-- TASK INSTRUCTIONS --
Return every line below as is, leaving out the pictures.

-- DATASET CONTENT --
<<<<
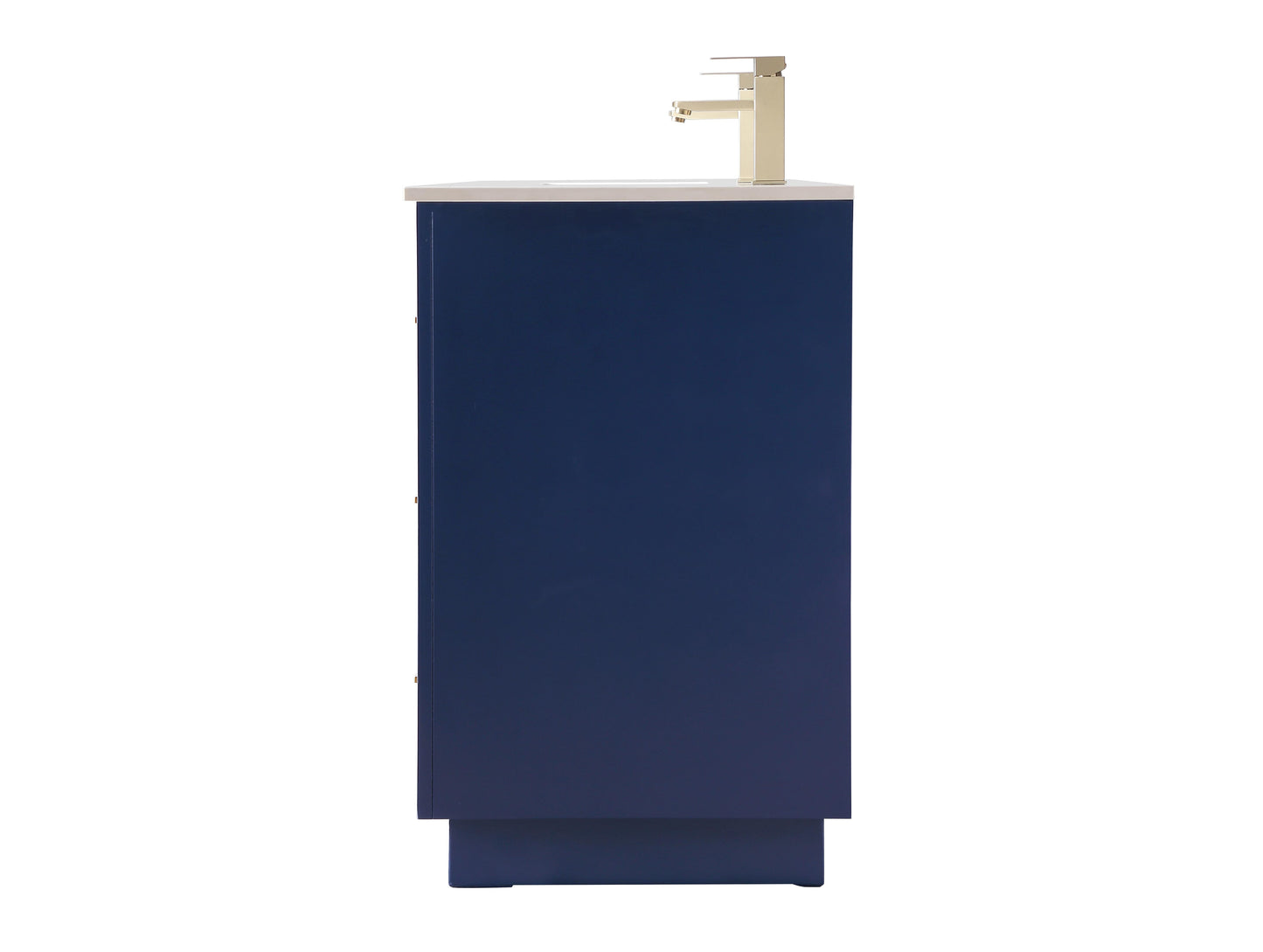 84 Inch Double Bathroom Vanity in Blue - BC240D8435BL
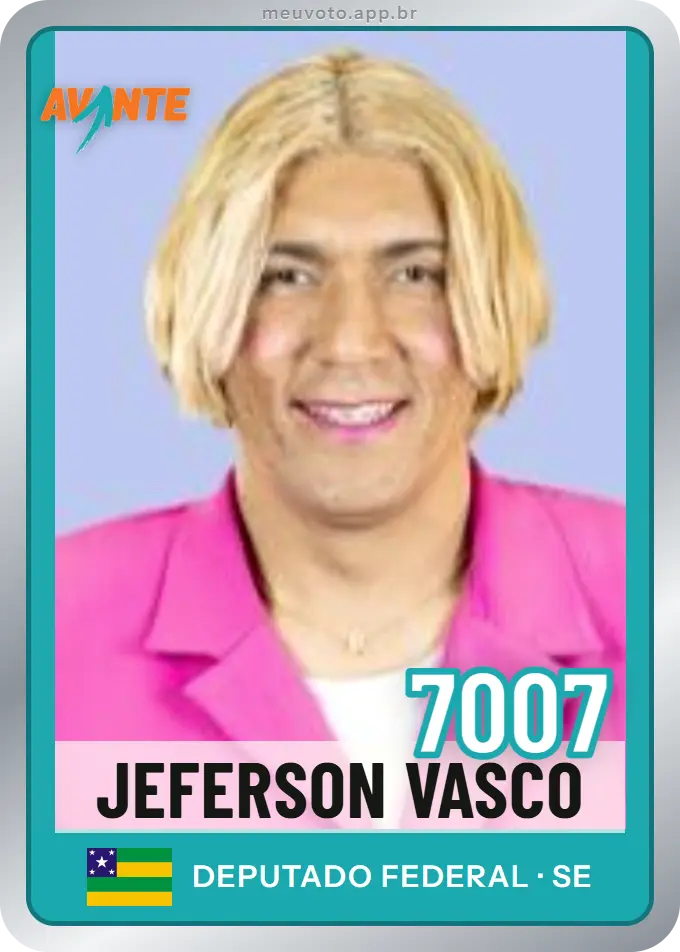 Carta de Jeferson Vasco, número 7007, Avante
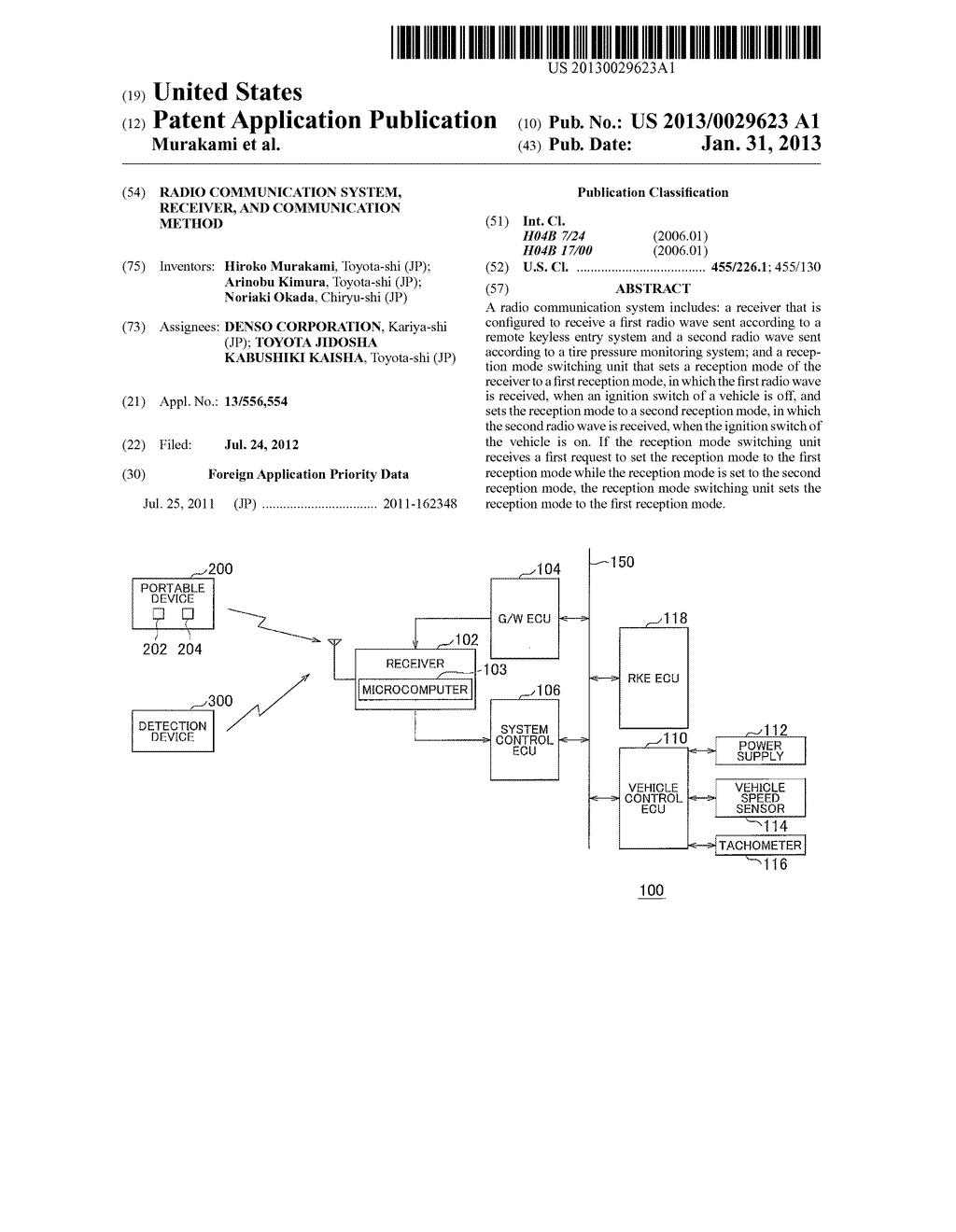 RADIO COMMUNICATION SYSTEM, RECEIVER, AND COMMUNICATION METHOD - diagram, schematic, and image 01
>>>>
-- RESPONSE BELOW --
 84 Inch Double Bathroom Vanity in Blue - BC240D8435BL
 Carta de Jeferson Vasco, número 7007, Avante
 RADIO COMMUNICATION SYSTEM, RECEIVER, AND COMMUNICATION METHOD - diagram, schematic, and image 01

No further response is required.